### The task
Please set down exactly the lines from the one containing "Vente en ligne" through the last line of the records below, both included, with no pictures.

### Task input
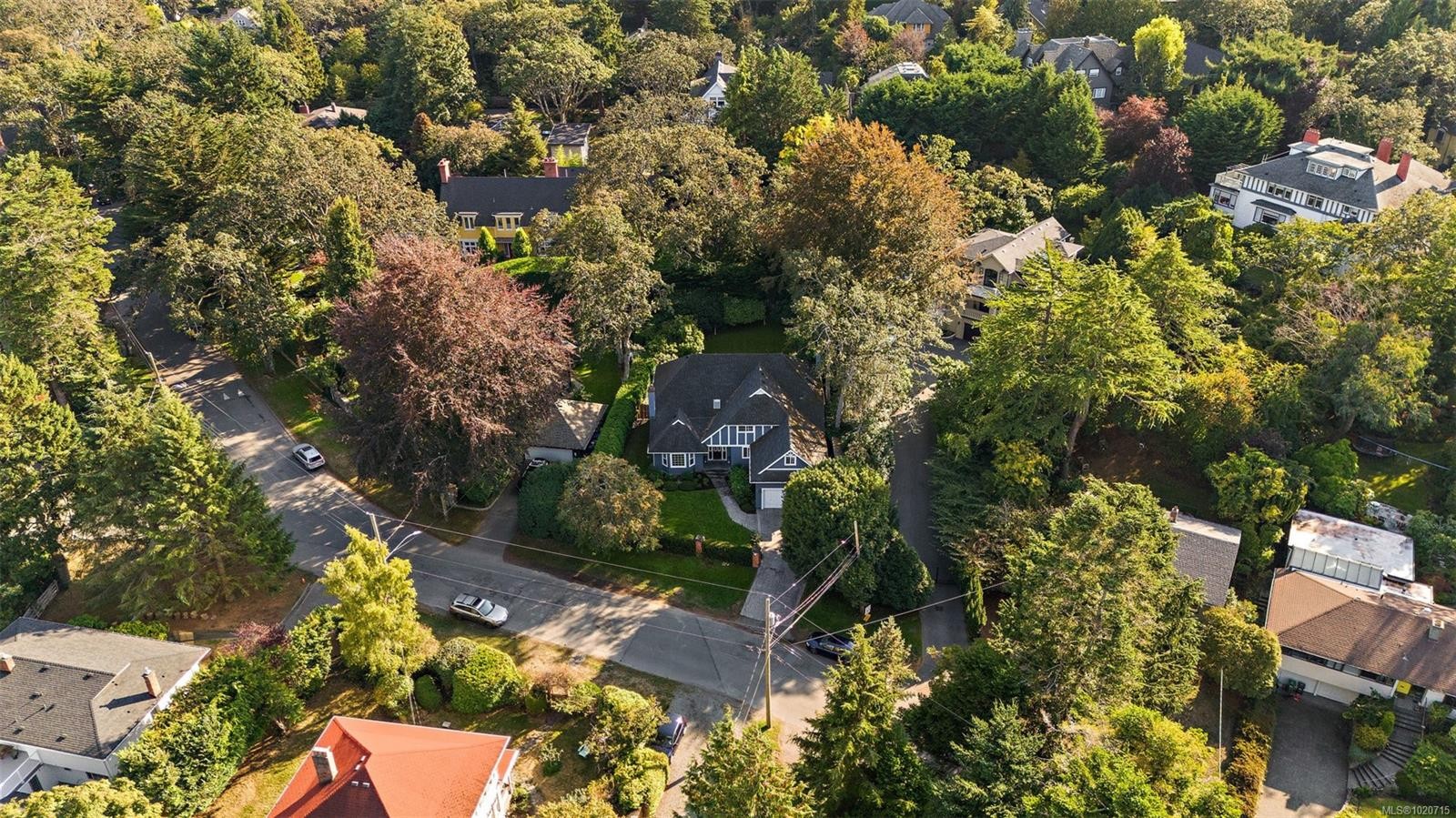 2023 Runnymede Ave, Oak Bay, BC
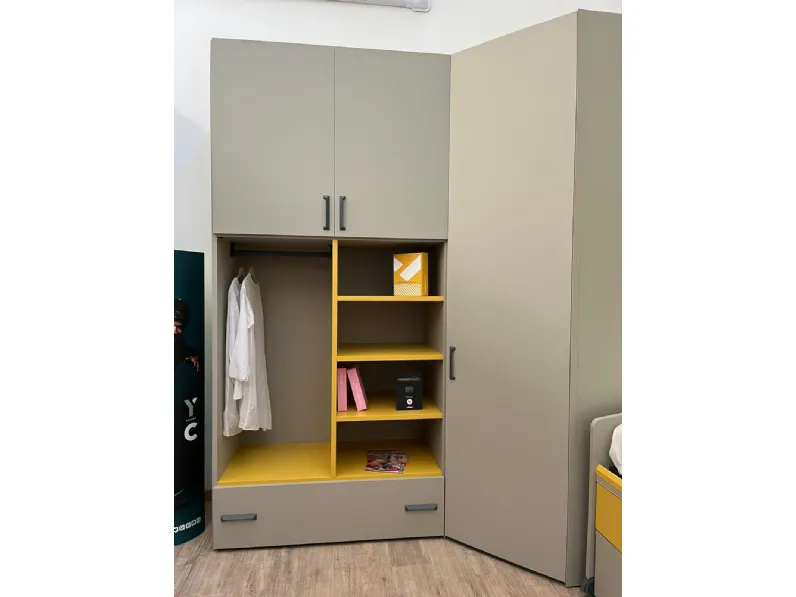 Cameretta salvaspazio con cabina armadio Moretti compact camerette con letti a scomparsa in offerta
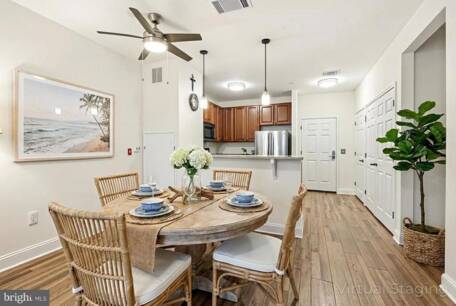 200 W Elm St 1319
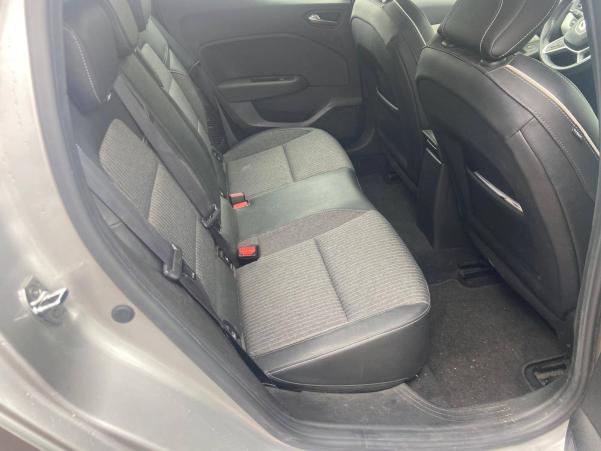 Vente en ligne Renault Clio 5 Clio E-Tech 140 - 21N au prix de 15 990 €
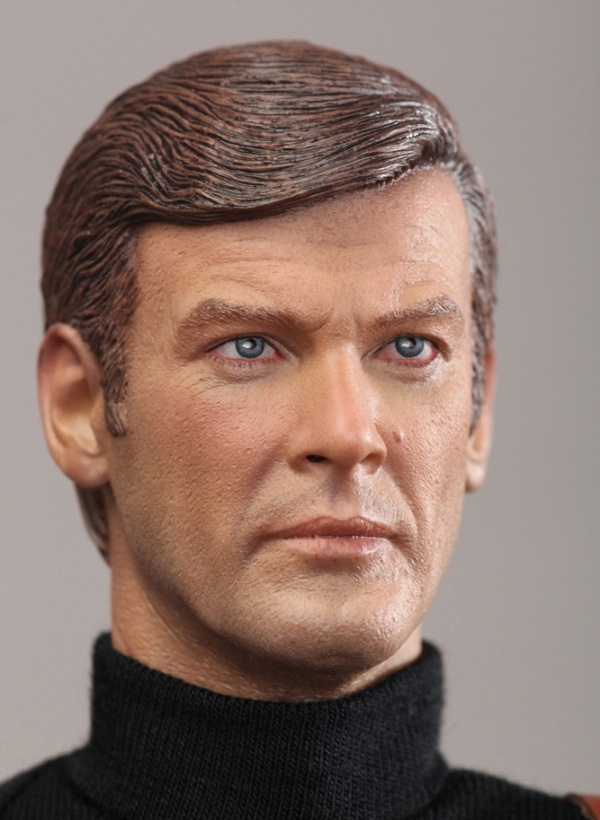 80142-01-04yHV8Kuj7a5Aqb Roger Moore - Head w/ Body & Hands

### Answer to the problem
 Vente en ligne Renault Clio 5 Clio E-Tech 140 - 21N au prix de 15 990 €
 80142-01-04yHV8Kuj7a5Aqb Roger Moore - Head w/ Body & Hands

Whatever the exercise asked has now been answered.